The most similar and dissimilar pairs in the data
Look at the most similar and dissimilar pairs in the data
The most similar pair of observations:
data[
which(gower_mat == min(gower_mat[gower_mat != min(gower_mat)]),
arr.ind = TRUE)[1, ], ]
## LanguageWorkedWith Age YearsCode
## 910 Bash/Shell/PowerShell;C++;JavaScript;Python;R 24.0 23
## 759 JavaScript;Python;R;SQL 24.5 23
## YearsCodePro WorkLoc OpenSourcer
## 910 12 Office Less than once per year
## 759 12 Office Less than once per year
In our case 910 and 759 are the most similar. And these pairs make sense.

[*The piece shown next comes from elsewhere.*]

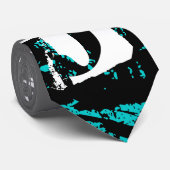 モノグラファンキームグランジ結びクール目 ネクタイ (ロール)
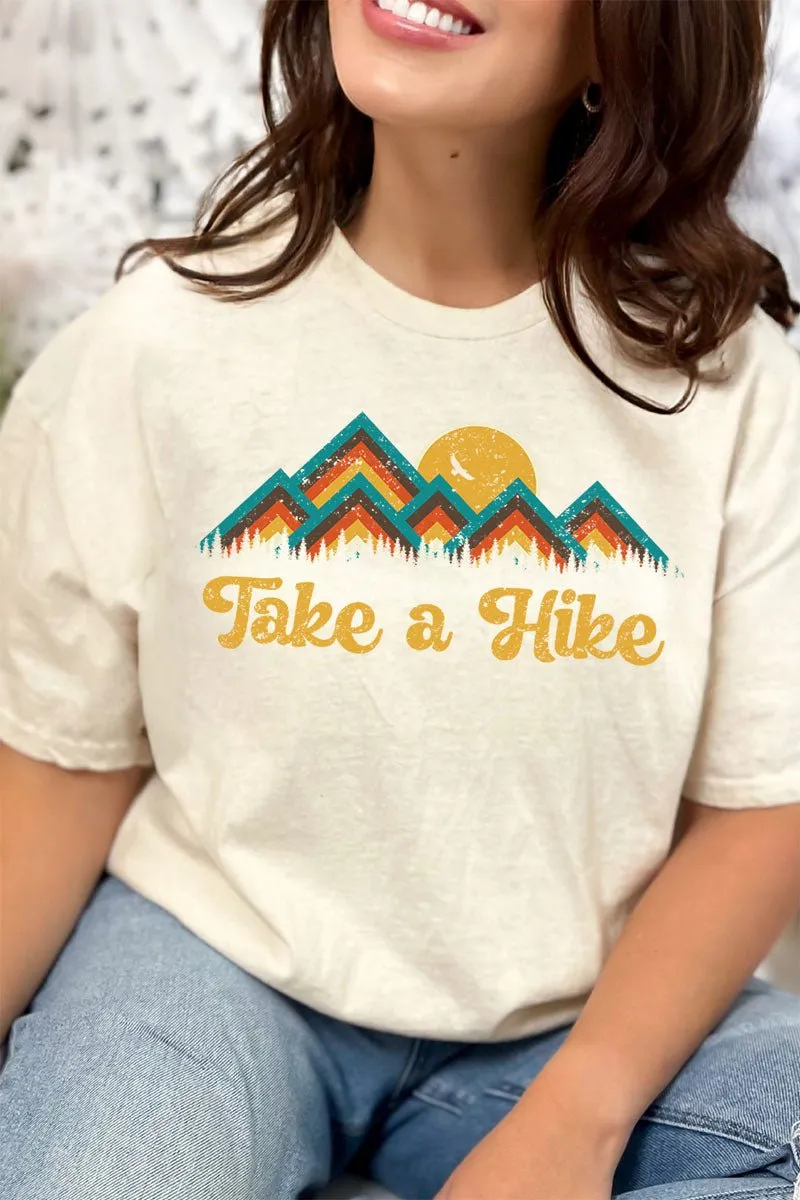 Take A Hike Short Sleeve Relaxed Fit T-Shirt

The most dissimilar pair of observation:
data[
which(gower_mat == max(gower_mat[gower_mat != max(gower_mat)]),
arr.ind = TRUE)[1, ], ]
## LanguageWorkedWith
## 4394 Bash/Shell/PowerShell;C;C++;HTML/CSS;Java;JavaScript;PHP;Python;R;SQL
## 4385 Assembly;Bash/Shell/PowerShell;C;C++;C#;Clojure;Dart;Elixir;Erlang;F#;Go;HTML/CSS;Java;JavaScript;Kotlin;Objective-C;PHP;Python;R;Ruby;Rust;Scala;SQL;Swift;TypeScript;VBA;WebAssembly;Other(s):
## Age YearsCode YearsCodePro WorkLoc OpenSourcer
## 4394 98 1 1 Office Never
## 4385 18 52 46 Home Once a month or more often
4394 and 4385 are most dissimilar. Also, these pairs make sense.
Choosing the clustering algorithm
We will use partitioning around medoids (PAM) for handling a custom distance matrix.

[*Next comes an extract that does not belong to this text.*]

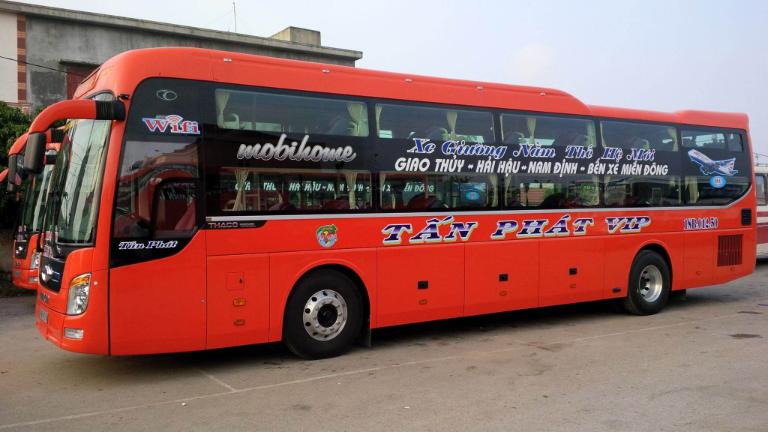 xe khách Hà Nội Nghi Xuân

PAM is an iterative algorithm. A ‘medoid’ is the observation that would yield the lowest average distance if it were to be re-assigned to the cluster it is assigned to. It works well with n < 10,000 observations per group.
Look at the silhouette width metric. This is an internal validation metric, an aggregated measure of how similar an observation is to its own cluster, compared to its closest neighboring cluster. The metric can range from -1 to 1, where higher values are better.

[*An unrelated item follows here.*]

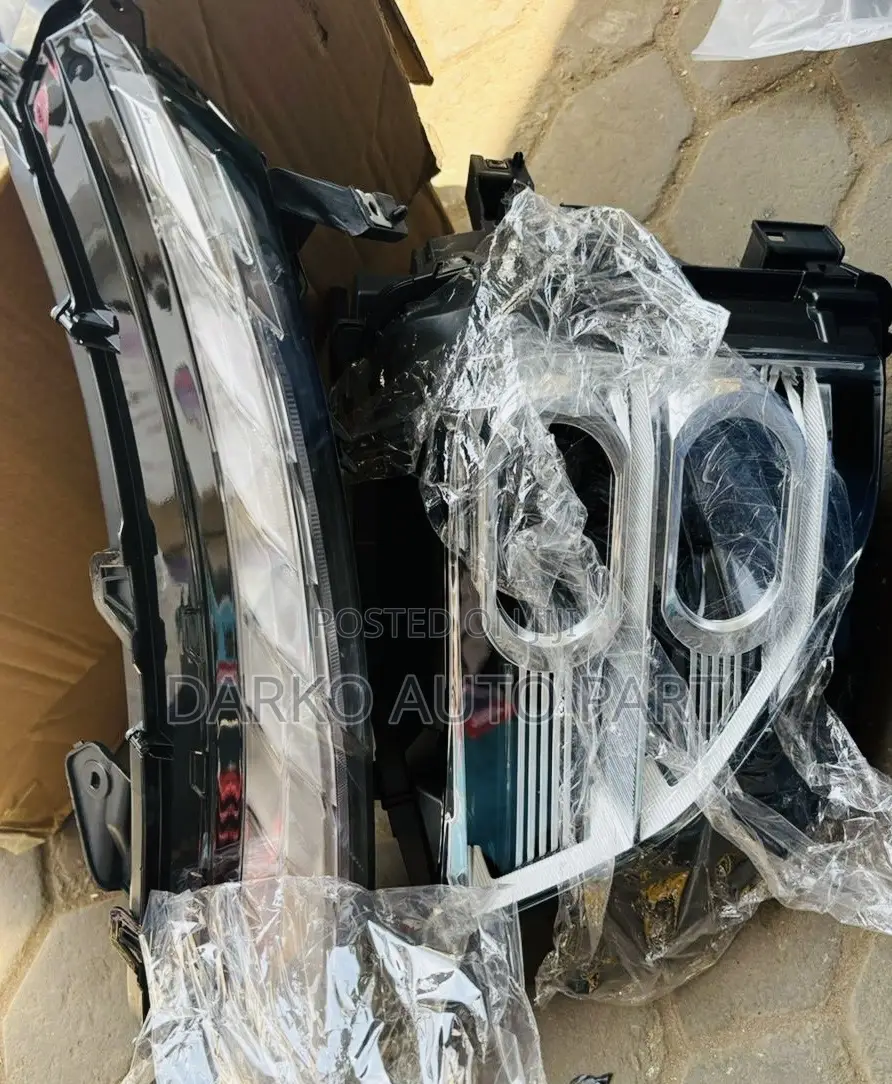 Mitsubishi Eclipse Cross 2023-2024 Headlights Top and Down Available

Calculate silhouette width for many several solutions using PAM:
Plot the sihouette width (larger value is better):
plot(1:10, sil_width,
xlab = "Number of clusters", xaxt='n',
ylab = "Silhouette Width",
ylim = c(0,1))
axis(1, at = seq(2, 10, by = 1), las=2)
lines(1:10, sil_width)
Conclusion: select the 10-cluster solutions as it has the highest silhouette width.
Interpret the solution: by running summary on each cluster
data$cluster <- as.factor(pam_fit$clustering)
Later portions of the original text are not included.